Variant,PVE_Fixed,PVE_Family,PVE_Residual,Fixed_Variance,Family_Variance,Residual_Variance,Total_Variance
<chr>,<dbl>,<dbl>,<dbl>,<dbl>,<dbl>,<dbl>,<dbl>
variant1,20.00779,0.0,79.9922054,0.2500913,0.0,0.999878212,1.24997
variant2,66.60926,0.0,33.3907386,0.7267603,0.0,0.364319641,1.09108
variant3,95.70867,3.655575,0.6357522,1.1000658,0.04201681,0.007307271,1.14939


In [14]:
# Calculate PVE for all variants together
# Fit the full model with all variants
full_formula <- as.formula("height ~ variant1 + variant2 + variant3 + (1|family)")
full_model <- lmer(full_formula, data = genetic_data)

# Extract variance components
vc_full <- VarCorr(full_model)
family_variance_full <- as.numeric(vc_full$family)
residual_variance_full <- attr(vc_full, "sc")^2

# Calculate fixed effect variance for the full model
betas <- fixef(full_model)[2:(M+1)]  # Skip intercept
X_design <- as.matrix(genetic_data[, 4:(3+M)])
predicted_fixed <- X_design %*% betas
fixed_variance_full <- var(as.vector(predicted_fixed))

# Calculate total variance
total_variance_full <- fixed_variance_full + family_variance_full + residual_variance_full

# Calculate PVE for each component
pve_fixed_full <- fixed_variance_full / total_variance_full
pve_family_full <- family_variance_full / total_variance_full
pve_residual_full <- residual_variance_full / total_variance_full

# Print out the results for all variants together
cat("\n---------- PVE Analysis for All Variants Together ----------\n")
cat("Fixed effects (all variants) PVE:", round(pve_fixed_full * 100, 2), "%\n")
cat("Random effect (family) PVE:", round(pve_family_full * 100, 2), "%\n")
cat("Residual PVE:", round(pve_residual_full * 100, 2), "%\n")
cat("Total:", round((pve_fixed_full + pve_family_full + pve_residual_full) * 100, 2), "%\n\n")

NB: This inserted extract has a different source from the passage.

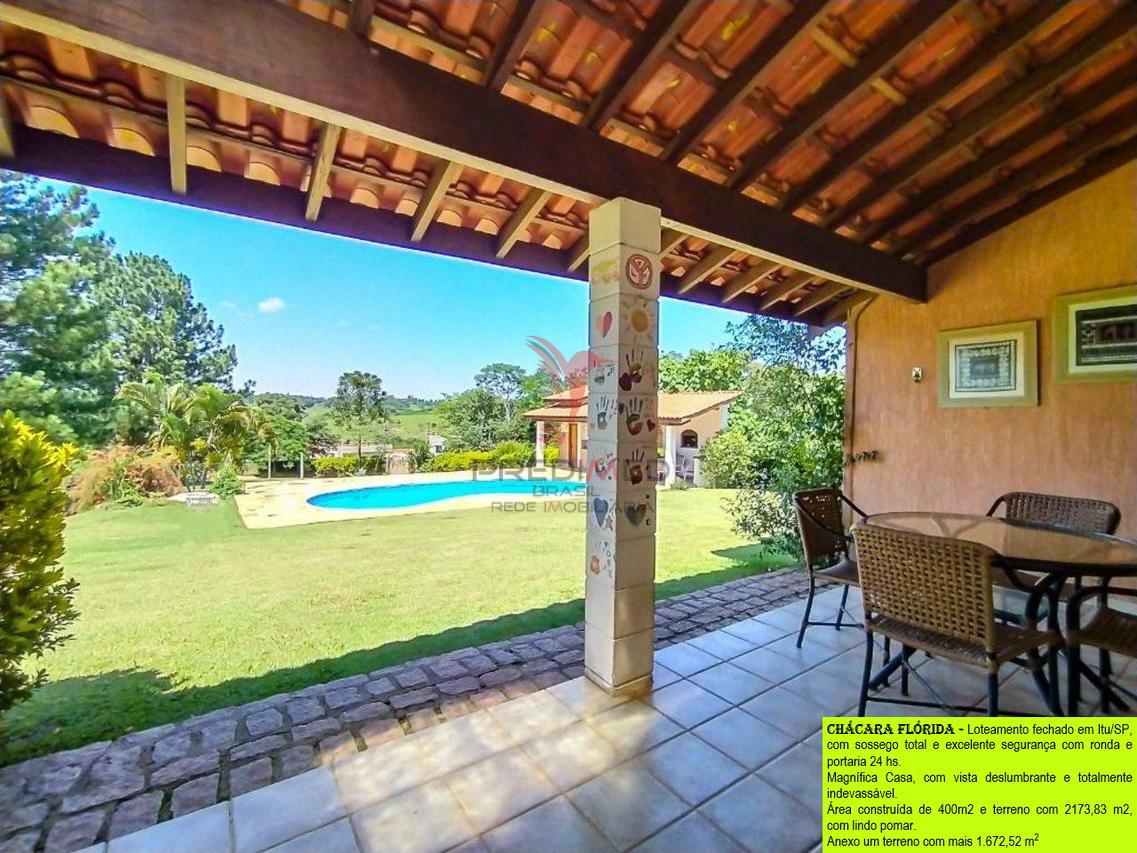 VENDO Magnífica Casa plana em Itu/SP, com piscina , vista deslumbrante e sossego total - Itu - 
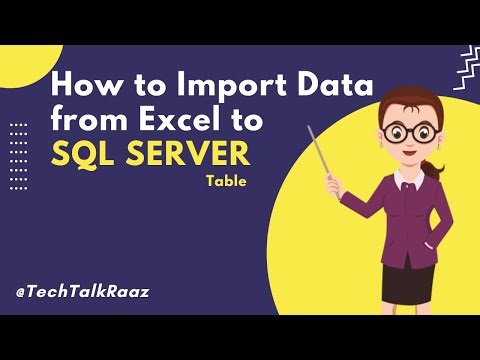 How to Import Data from EXCEL to SQL Server in Telugu | SQL Server Database #sql #telugu #beginners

cat("Variance components:\n")
cat("Fixed effects variance:", round(fixed_variance_full, 4), "\n")
cat("Family variance:", round(family_variance_full, 4), "\n")
cat("Residual variance:", round(residual_variance_full, 4), "\n")
cat("Total variance:", round(total_variance_full, 4), "\n")

# Calculate heritability (proportion of variance due to family structure)
heritability <- family_variance_full / (family_variance_full + residual_variance_full)
cat("\nHeritability (proportion of variance due to family structure):", 
    round(heritability * 100, 2), "%\n")

"unable to evaluate scaled gradient"
" Hessian is numerically singular: parameters are not uniquely determined"



---------- PVE Analysis for All Variants Together ----------
Fixed effects (all variants) PVE: 92.48 %
Random effect (family) PVE: 1.41 %
Residual PVE: 6.11 %
Total: 100 %

Variance components:
Fixed effects variance: 1.0142 
Family variance: 0.0155 
Residual variance: 0.067 
Total variance: 1.0967 

Heritability (proportion of variance due to family structure): 18.77 %


# Supplementary

- Zhu H, Zhou X. Statistical methods for SNP heritability estimation and partition: A review. Comput Struct Biotechnol J. 2020 Jun 18;18:1557-1568. doi: 10.1016/j.csbj.2020.06.011. PMID: 32637052; PMCID: PMC7330487.